Akash Divakar Gore Akash Divakar Gore - 1 month ago 8
Java Question

Data Races in an AtomicIntegerArray

In the code below:
I am updating

num[1]=0
of an
AtomicIntegerArray
num 1000 times each in 2 threads.

At the end of the 2 threads in main thread ;shouldn't the value of
num[1]
be 2000 as there shouldn't be data races in an
AtomicIntegerArray
.

However I get random values < 2000. Could someone tell me why?

Code:

import java.util.concurrent.atomic.AtomicIntegerArray;

public class AtomicIntegerArr {

private static AtomicIntegerArray num= new AtomicIntegerArray(2);

public static void main(String[] args) throws InterruptedException {
Thread t1 = new Thread(new MyRun1());
Thread t2 = new Thread(new MyRun2());

num.set(0, 10);
num.set(1, 0);

System.out.println("In Main num before:"+num.get(1));

t1.start();
t2.start();

t1.join();
t2.join();

System.out.println("In Main num after:"+num.get(1));
}

static class MyRun1 implements Runnable {
public void run() {
for (int i = 0; i < 1000; i++) {
num.set(1,num.get(1)+1);
}

}
}

static class MyRun2 implements Runnable {
public void run() {
for (int i = 0; i < 1000; i++) {
num.set(1,num.get(1)+1);
}

}

}

}


Edit: Adding
num.compareAndSet(1, num.get(1), num.get(1)+1);
instead of
num.set(1,num.get(1)+1);
doesnt work either.

Answer

This is a classic race condition. Any time you have a fetch, an operation, and a put, your code is racy.

Consider two threads, both executing num.set(1,num.get(1)+1) at roughly the "same time." First, let's break down what the expression itself is doing:

  • it fetches num.get(1); let's call this x
  • it adds 1 to that; let's call this y
  • it puts that sum in at `num.set(1, y);

Even though the intermediate values in your expression are just values on the stack, and not explicit variables, the operation is the same: get, add, put.

Okay, so back to our two threads.

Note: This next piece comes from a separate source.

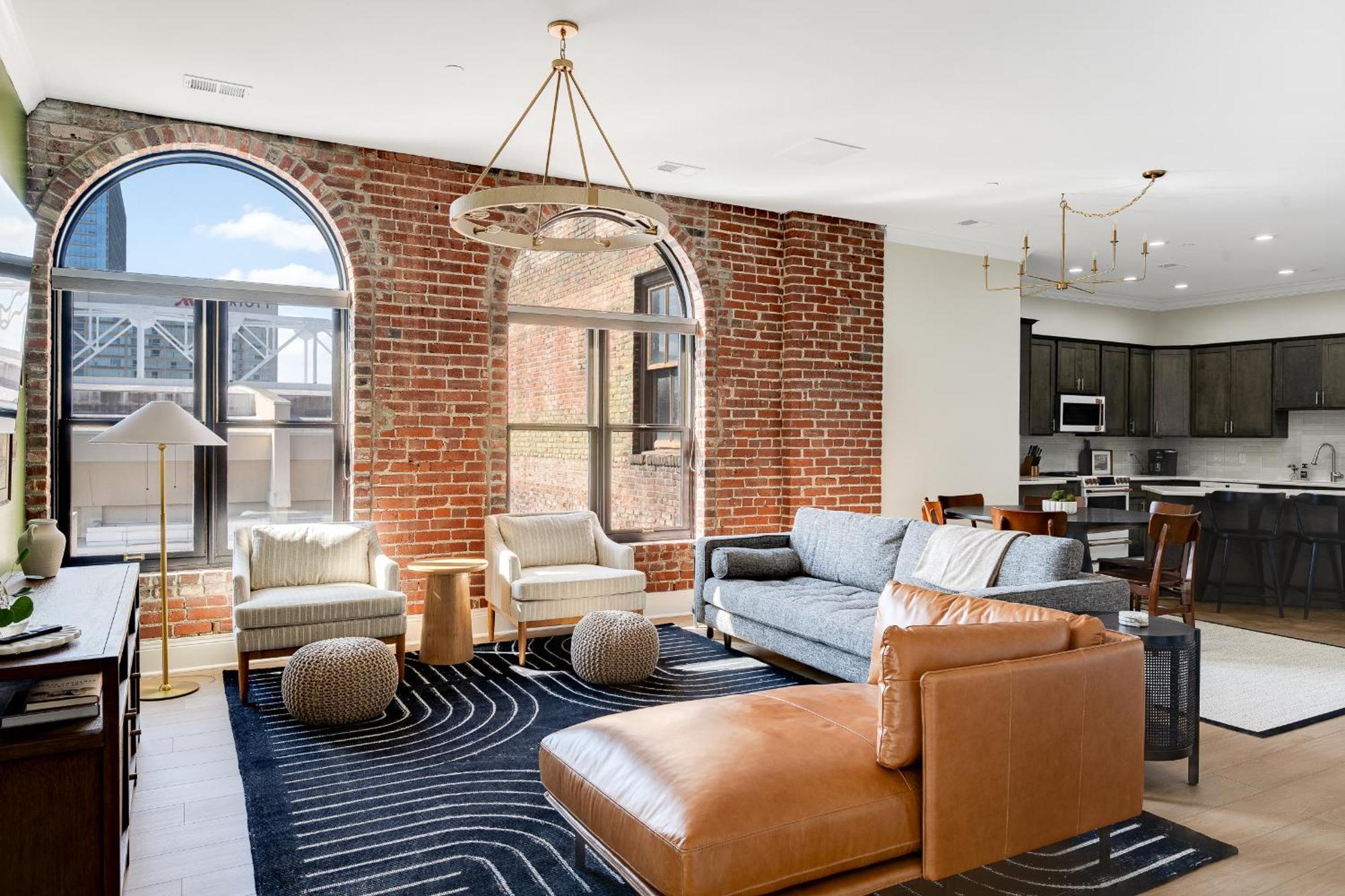 Top Floor Penthouse At The Historic Levy Building Louisville Esterno foto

What if the operations are ordered like this?

inital state: n[1] = 5
Thread A      | Thread B
========================
x = n[1] = 5  |
              | x = n[1] = 5
              | y = 5 + 1 = 6
y = 5 + 1 = 6 | 
n[1] = 6      |
              | n[1] = 6

Since both threads fetched the value before either thread put its added value, they both do the same thing. You have 5 + 1 twice, and the result is 6, not 7!

What you want is getAndIncrement(int idx), or one of the similar methods that does the get, adding, and putting atomically.

These methods can actually all be built on top of the compareAndSet method you identified. But to do that, you need to do the increment within a loop, trying until the compareAndSet returns true. Also, for that to work, you have store that initial num.get(1) value in a local variable, rather than fetching it a second time. In effect, this loop says "keep trying the get-add-put logic until it works without anyone else having raced between the operations." In my example above, Thread B would have noticed that compareAndSet(1, 5, 6) fails (since the actual value at that time is 6, not 5 as expected), and thus retried. This is in fact what all of those atomic methods, like getAndIncrement, do.